» Activity
When the line containing "ESPECIAL/ GOBIERNO DE GUADALAJARA/ CANVA" is found in the data below, give it again along with every later line, exactly; drop the pictures.

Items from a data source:
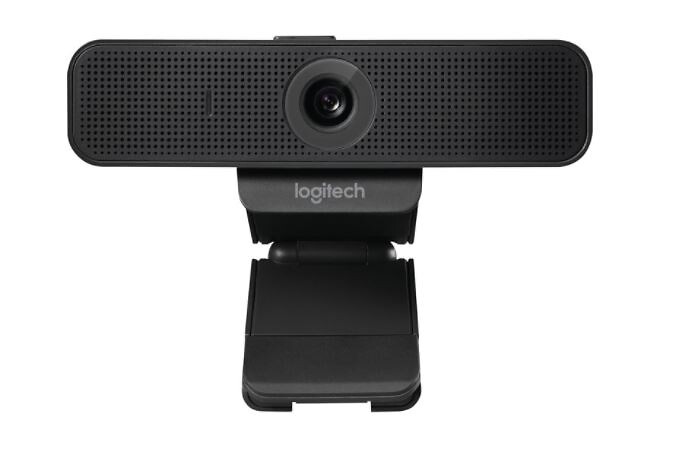 Logitech C925e Web-kamera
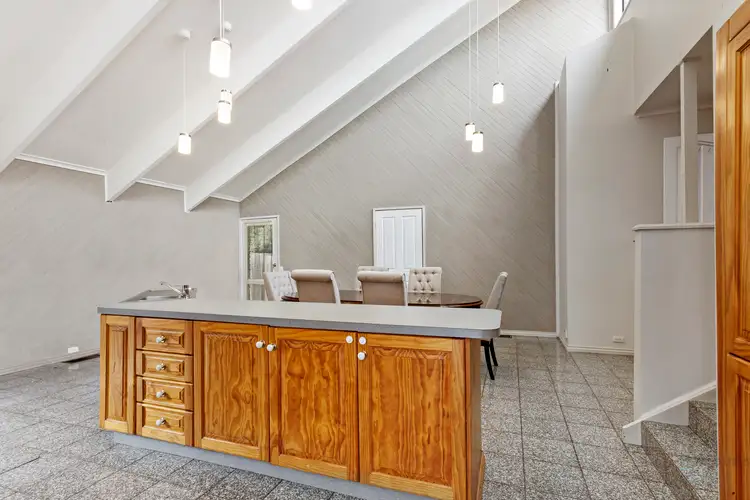 Third view of Homely house listing, 13 Touhey Avenue, Epping VIC 3076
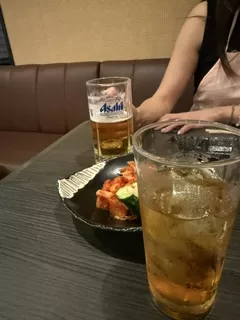 さゆりの写メ日記｜ローテンブルク 吉原高級店ソープ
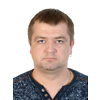 Дмитро Ігорович Бейда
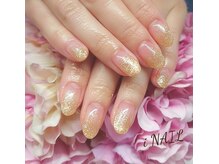 アイネイル(iNAIL)/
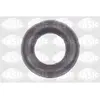 SASIC Butée élastique, silencieux pour CITROËN: Relay, C15, Jumper & PEUGEOT: Boxer (Ref: 7551921)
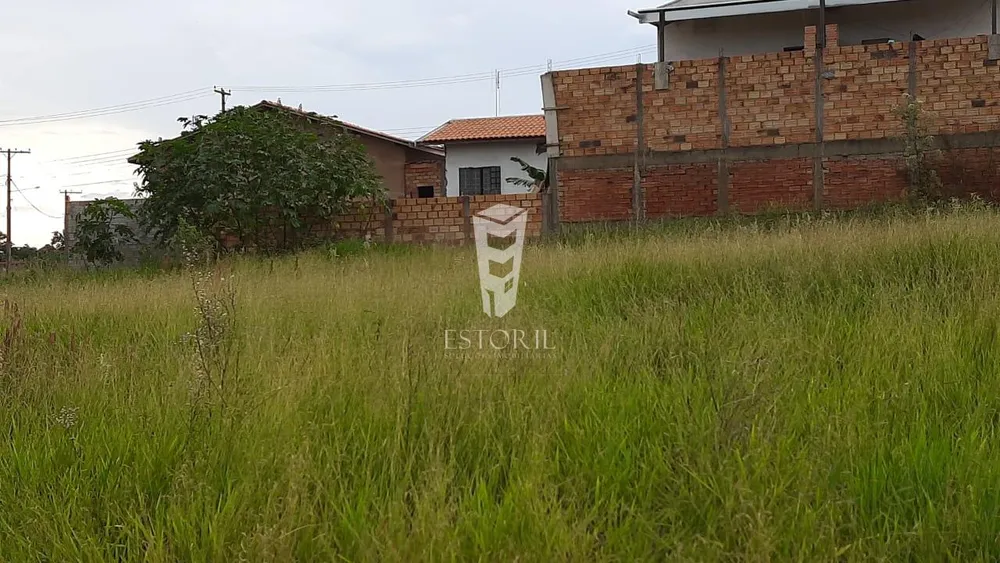 Terreno, 447 m² - Foto 2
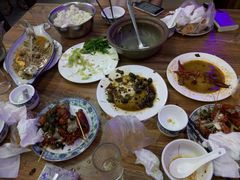 android_upload_pic-梦江南
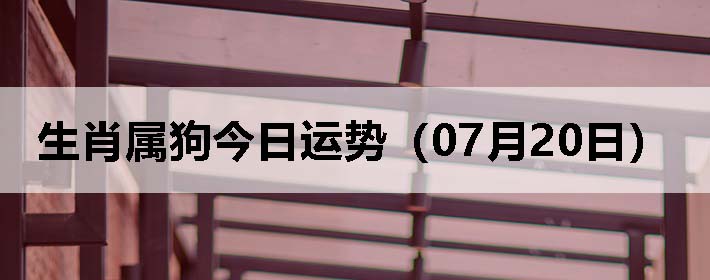 Фƣ0720գ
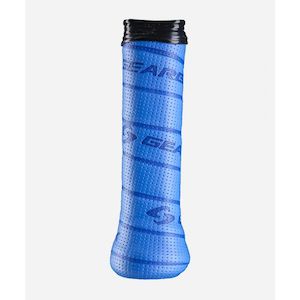 Gearbox Moisture Absorption Grip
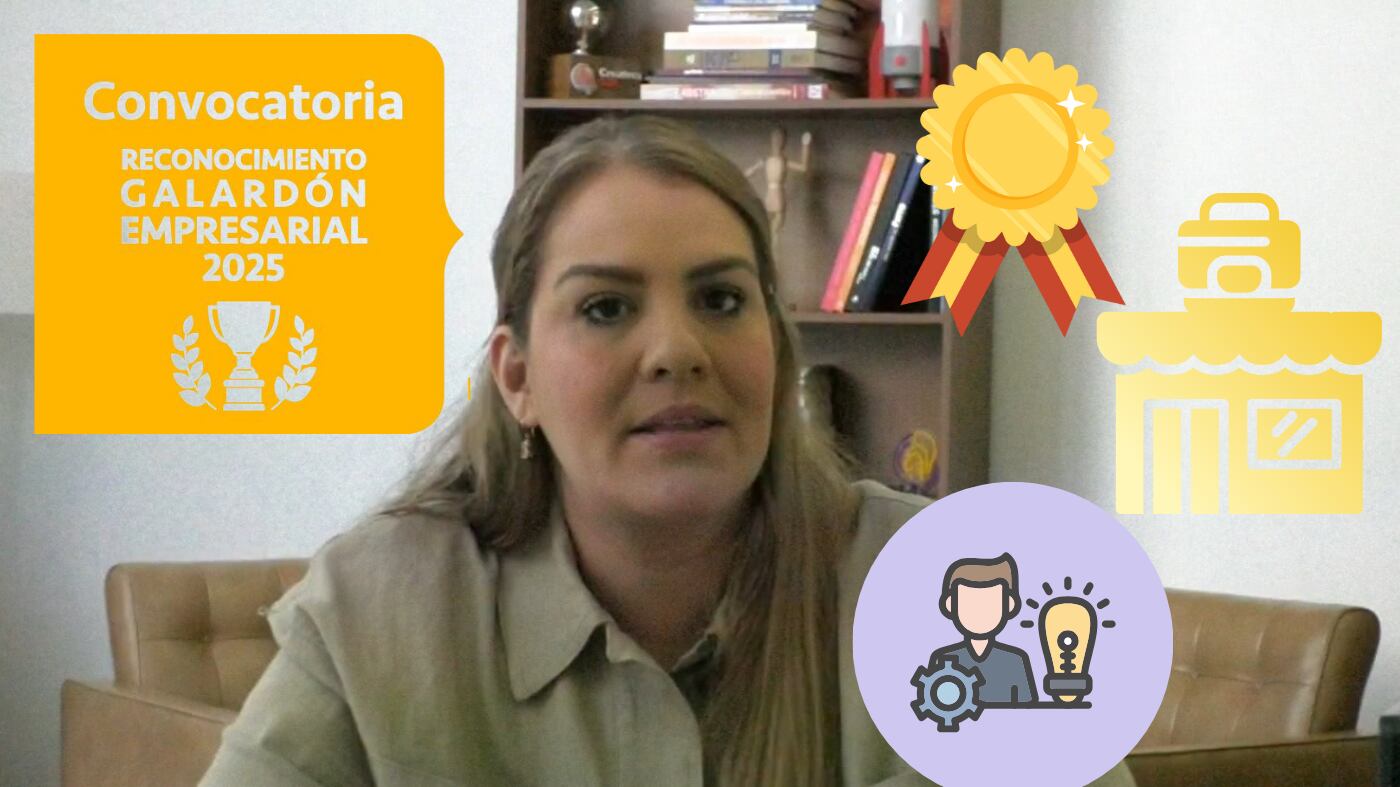 ESPECIAL/ GOBIERNO DE GUADALAJARA/ CANVA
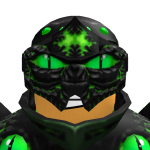 @cookingsmallroblox
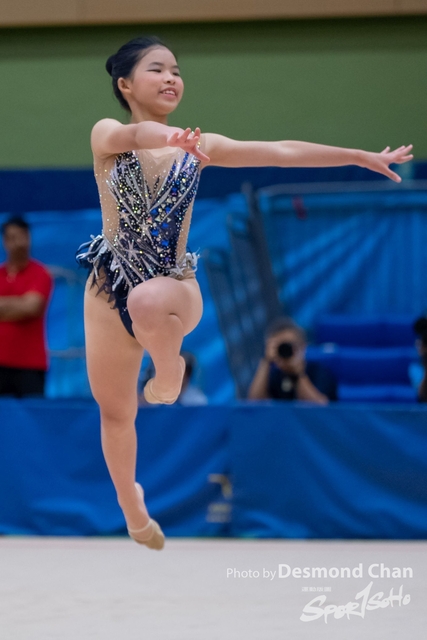 20230429 GYM A1 1 Rope-_DAC5087
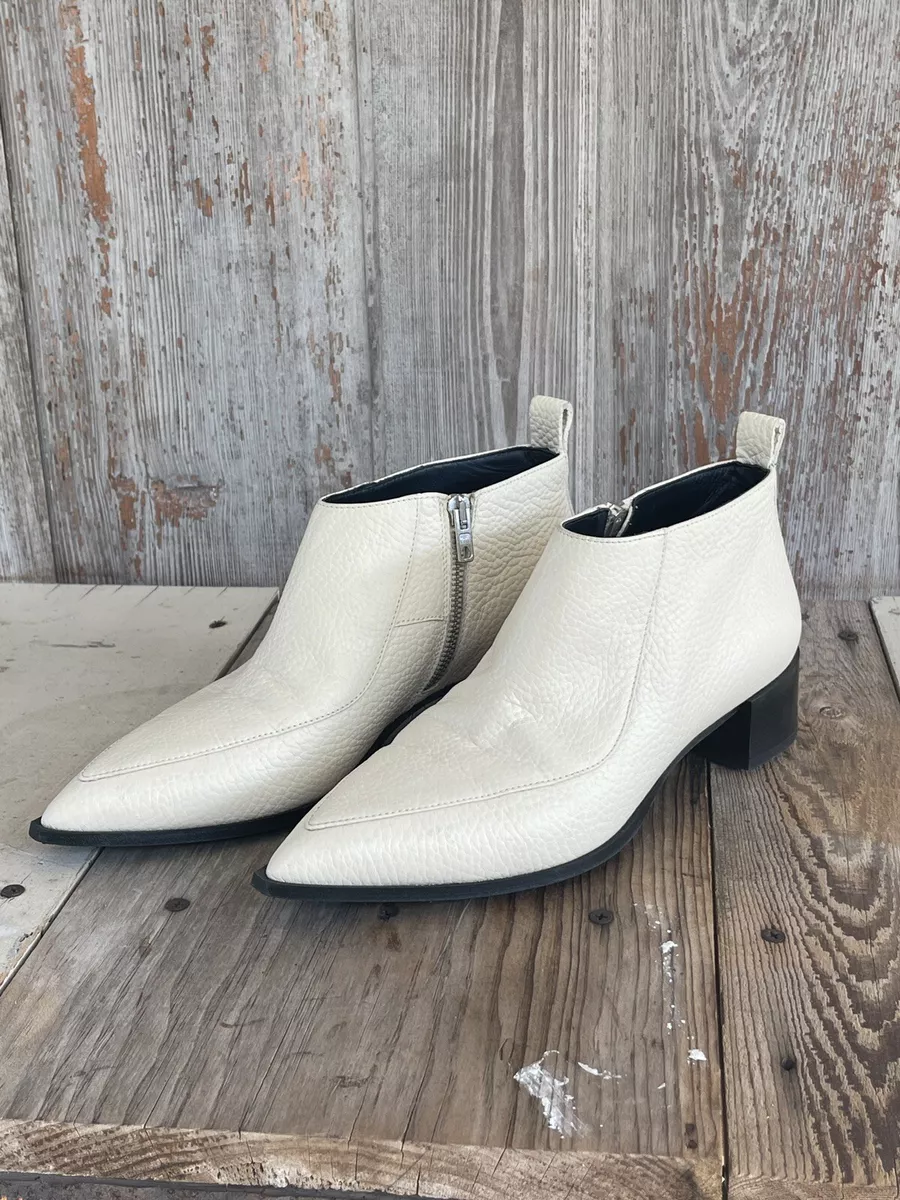 Everlane boss deals bootie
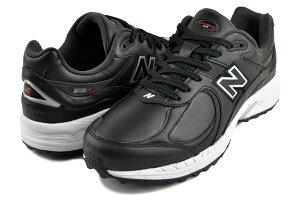 j[oX 2002 St ubN NEW BALANCE UGS2002E GOLF BLACK ugs2002e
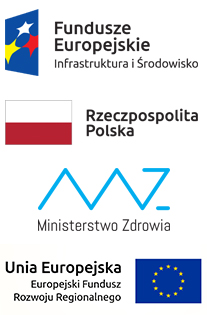 Zakup sprzętu medycznego jako niezbędne działania do zapobiegania, przeciwdziałania i zwalczania COVID-19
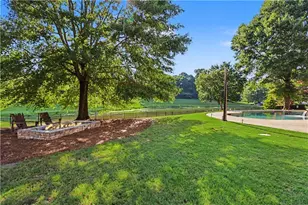 1738 Mulberry Lake Dr, Dacula, GA 30019 - Photo 58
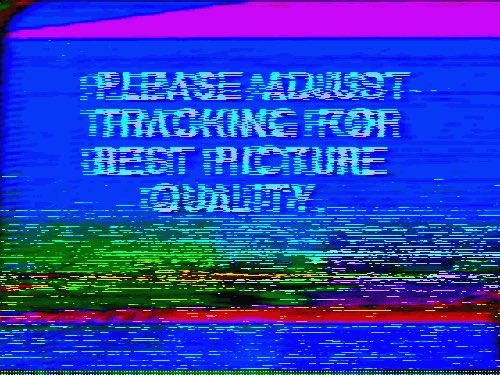 classiccitywrestling706 (@ccw706) on Twitter photo 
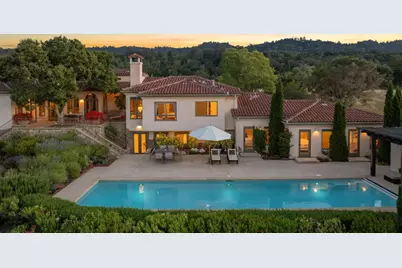 7 Redberry Rdg, Portola Valley, CA 94028 - Photo 51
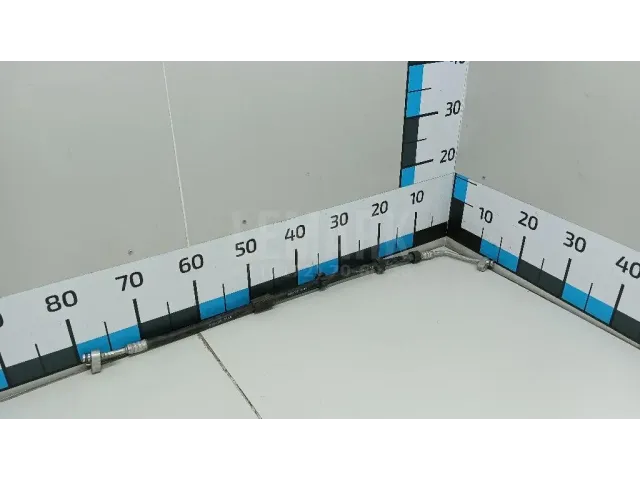 Трубка кондиционера
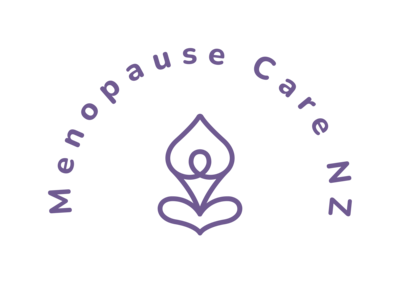 Menopause Care NZ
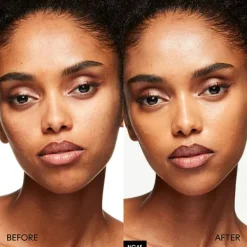 Hot Studio Fix Every - Wear All-Over Face Pen Bases De Maquillaje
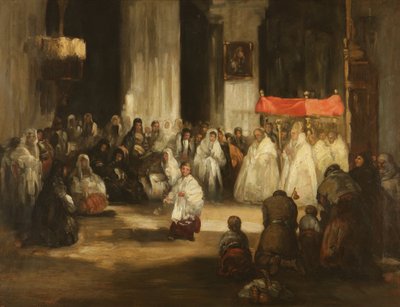  av Leonardo Alenza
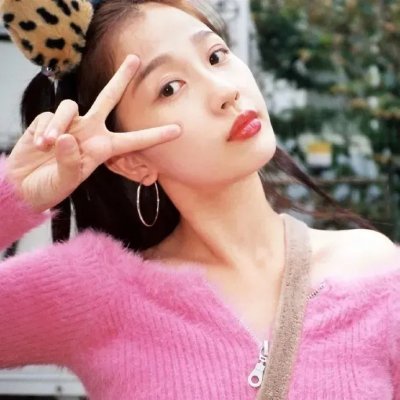 惊蛰无声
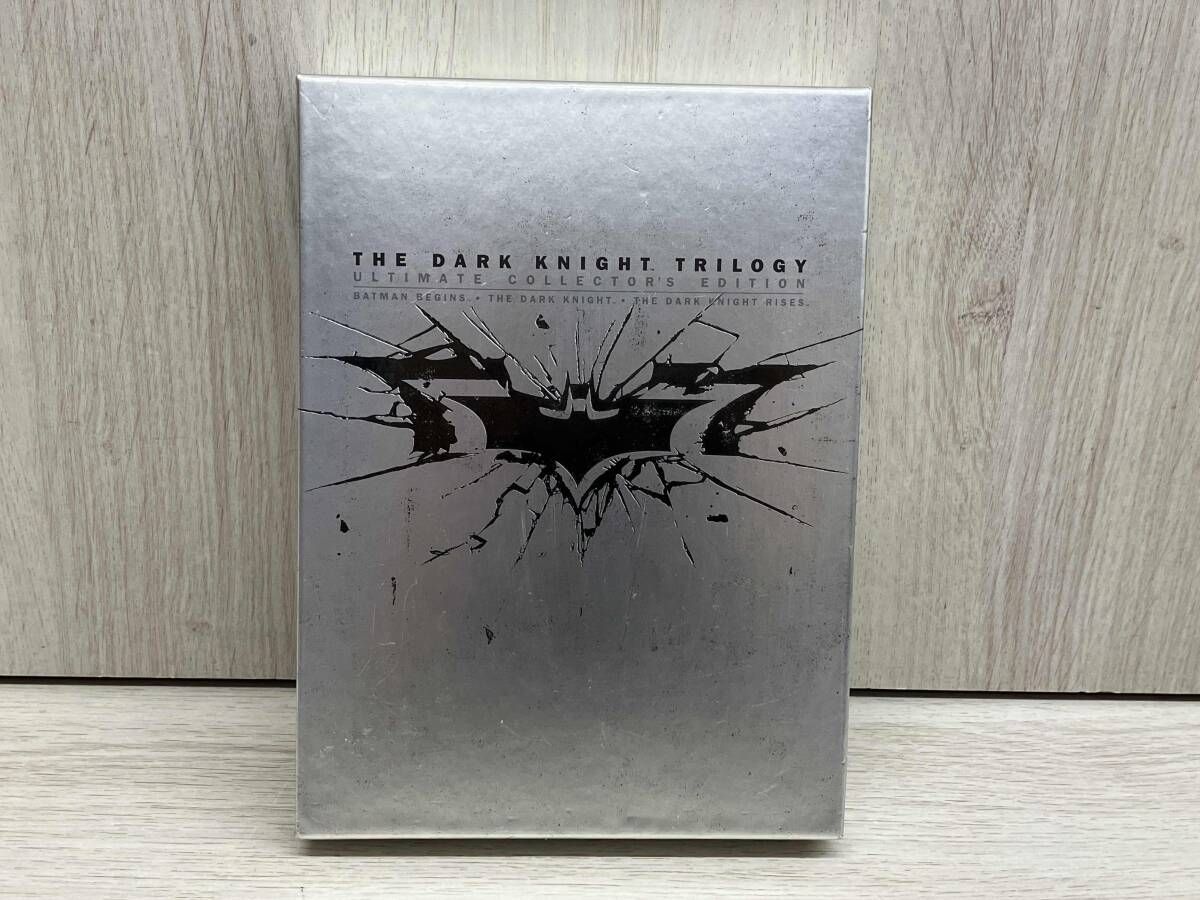 スーパー戦隊 Official Mook 超獣戦隊ライブマン サイン入り スーパー戦隊 Official Mook 20世紀 1988 超獣戦隊ライブマン (講談社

» Your response
 ESPECIAL/ GOBIERNO DE GUADALAJARA/ CANVA
 @cookingsmallroblox
 20230429 GYM A1 1 Rope-_DAC5087
 Everlane boss deals bootie
 j[oX 2002 St ubN NEW BALANCE UGS2002E GOLF BLACK ugs2002e
 Zakup sprzętu medycznego jako niezbędne działania do zapobiegania, przeciwdziałania i zwalczania COVID-19
 1738 Mulberry Lake Dr, Dacula, GA 30019 - Photo 58
 classiccitywrestling706 (@ccw706) on Twitter photo 
 7 Redberry Rdg, Portola Valley, CA 94028 - Photo 51
 Трубка кондиционера
 Menopause Care NZ
 Hot Studio Fix Every - Wear All-Over Face Pen Bases De Maquillaje
  av Leonardo Alenza
 惊蛰无声
 スーパー戦隊 Official Mook 超獣戦隊ライブマン サイン入り スーパー戦隊 Official Mook 20世紀 1988 超獣戦隊ライブマン (講談社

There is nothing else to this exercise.